Nix 2.4, and what’s next?

I’d like to give some hindsight from the point-of-view of a Nix developper as to what’s happening there, and also try and spot what can be improved and how.

Note that this reply is just my personal opinion as a Nix contributor. I’m not speaking on behalf of any “Nix dev team” or whatever (if only because − to may great sadness − no such thing exists).

I also certainly don’t intend this as a defense of the current state of things.
I do agree that while there’s some awesome work being done, there’s also issues (although I might not agree with all the ones that are exposed here), and I’m eager to work on trying to improve whatever can be.

Answering the letter point-by-point:

Backward incompatible changes

Basic stable features and interfaces have received backwards-incompatible changes.
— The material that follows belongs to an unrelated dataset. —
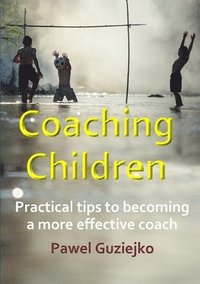 bokomslag Coaching Children:  Practical tips to becoming a more effective coach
That’s indeed true (with the caveat that well, it had been several years without a release and the diff between 2.3 and 2.4 is insanely big).
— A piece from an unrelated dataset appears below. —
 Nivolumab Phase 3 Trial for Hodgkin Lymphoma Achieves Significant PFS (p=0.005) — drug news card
I think there’s several reasons for these:

  • Some of these bugs are actually hitting some under-specified part of the Nix semantics. For example I’m not sure that the behavior broken in https://github.com/NixOS/nix/issues/4785 has ever been explicitely intended. So the breakage couldn’t really have been caught in any other way than having people use it and notice that it was broken for them.
  • Part of these are just do to the testsuite being generally bad − it’s both quite slow and with a low coverage (though it has improved a lot I think during the few years I’ve been involved in the development of Nix)
  • Some are also just hard problems to track. In particular ensuring the compatibility between every version of the client and the daemon in every possible situation is a lot of work. Not to say that there’s not some room for improvements (and I think that to some extent it’s some work that’s really worth doing if only to specify what should happen in all these cases), but it’s not a trivial problem.
    Also, this part of the codebase suffers from some heavy technical dept because the protocol used beteween the different Nix instances is a custom hard-to-debug thing (trust me, I’ve suffered it). While it was probably a sensible choice when it was invented, it’s a technical dept that we have to bear now.

Additionally, response time to the breaking changes has been bad.
The issue that needs to be addressed is the apparent lack of work to fix backward incompatible changes.

That’s true. And I think this is pointing to a crucial problem in the development of Nix.
There are some people who try to tackle these issues, but nobody (except of course @edolstra) has any legitimity/duty in actually doing that.
Which means (at least for me) that I don’t really feel enticed to even look at issues that aren’t within my immediate reach (either because they are tied to some part of the codebase that I’m not utterly familiar with, or because they involve some design decision that I’m not 100% confident to make by myself).
And since @edolstra didn’t (yet, to the top of my knowledge) develop any super-power, most of these stay unanswered or at least unsolved because there’s nobody to take care of them.
The nix core team was an attempt at fixing this issue (more than 3y ago already), but it didn’t go anywhere unfortunately and got disbanded. Maybe it would be time to resurrect something similar.

nix command

I haven’t been directly involved in this (as far as I remember, most of the changes actually took place before I started touching Nix actually), so I wouldn’t comment too much on this.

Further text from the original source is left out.